THE FAMILY STONE takes place over three days, during one of which Sybil wears a bathrobe. After looking through the selection of robes from Cunliffe, Keaton impulsively pulled a Beacon bathrobe out of her own closet. Although Cunliffe was wary of how this large, well-worn robe would look on camera, she acknowledged that – solely on the basis of Keaton’s unique style – the actress made it look “fabulously Sybil.” They later added to Sybil’s wardrobe a pair of Keaton’s ragged pajama bottoms, slippers, socks and her husband’s cardigan sweater, achieving an appearance that suggested layers of comfort.
Bringing these elements together was a labor of love for Writer-Director Thomas Bezucha, Producer Michael London, and the film’s cast and crew. As they put the finishing touches on THE FAMILY STONE, Bezucha and London took time out to reflect on the film.

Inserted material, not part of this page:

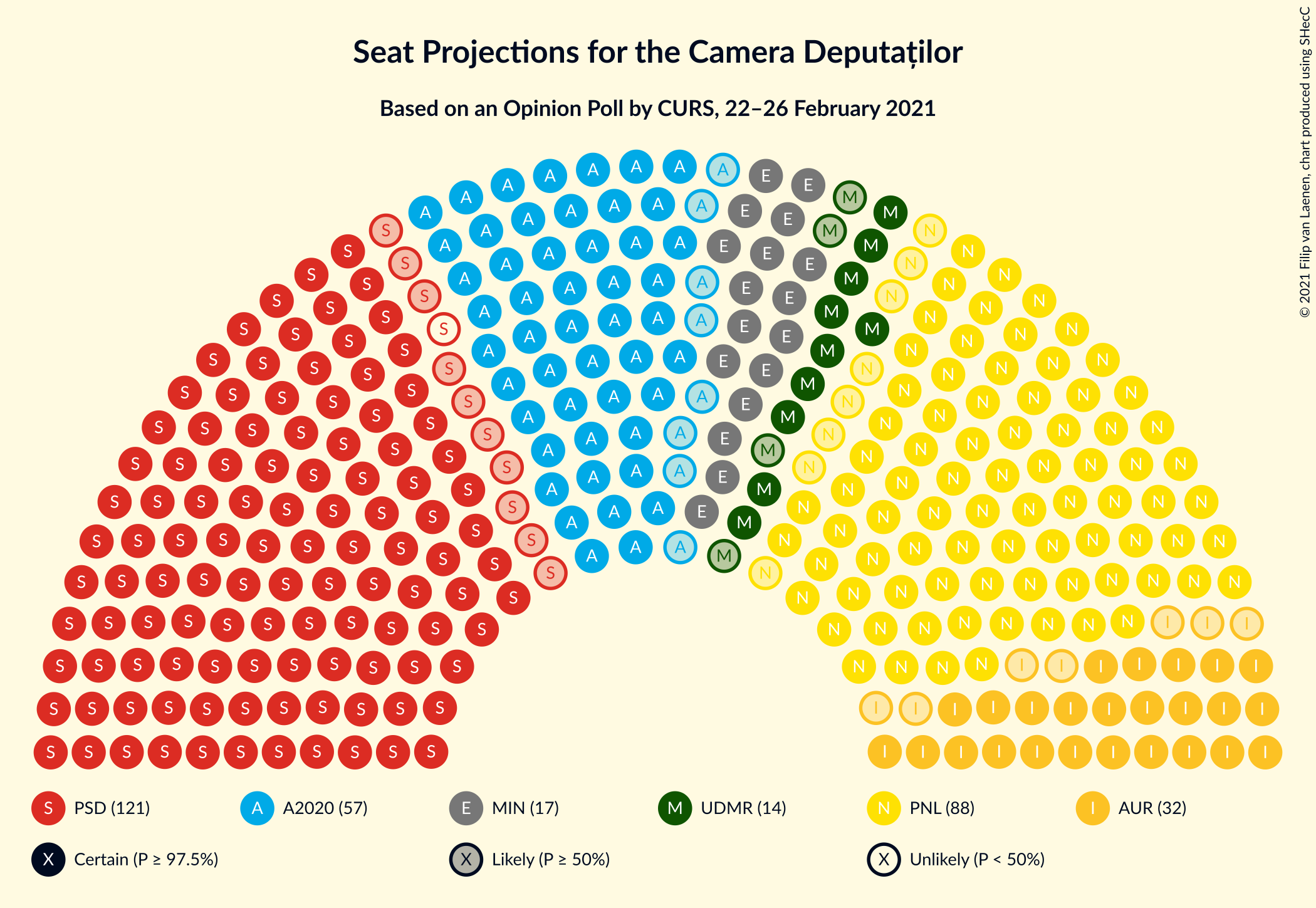 Graph with seating plan not yet produced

“THE FAMILY STONE is about love and being human,” says Bezucha. “It is really difficult to fall in love. And people tend to do stupid things when they are around a closed environment like their family. Those are the people who know us best and love us most, yet they are also the ones who hurt us the most. This movie explores those complex intra-familial connections.”
“It becomes clear while watching these characters, that they are striving to accept each other, and to love each other,” adds Michael London. “They are searching to find something within each other.”
“Ultimately, I want to entertain audiences,” concludes Thomas Bezucha. “I hope audiences find it funny because they recognize themselves in this eclectic collection of often impulsive and spontaneous characters. It’s possible to find humor in virtually any situation.”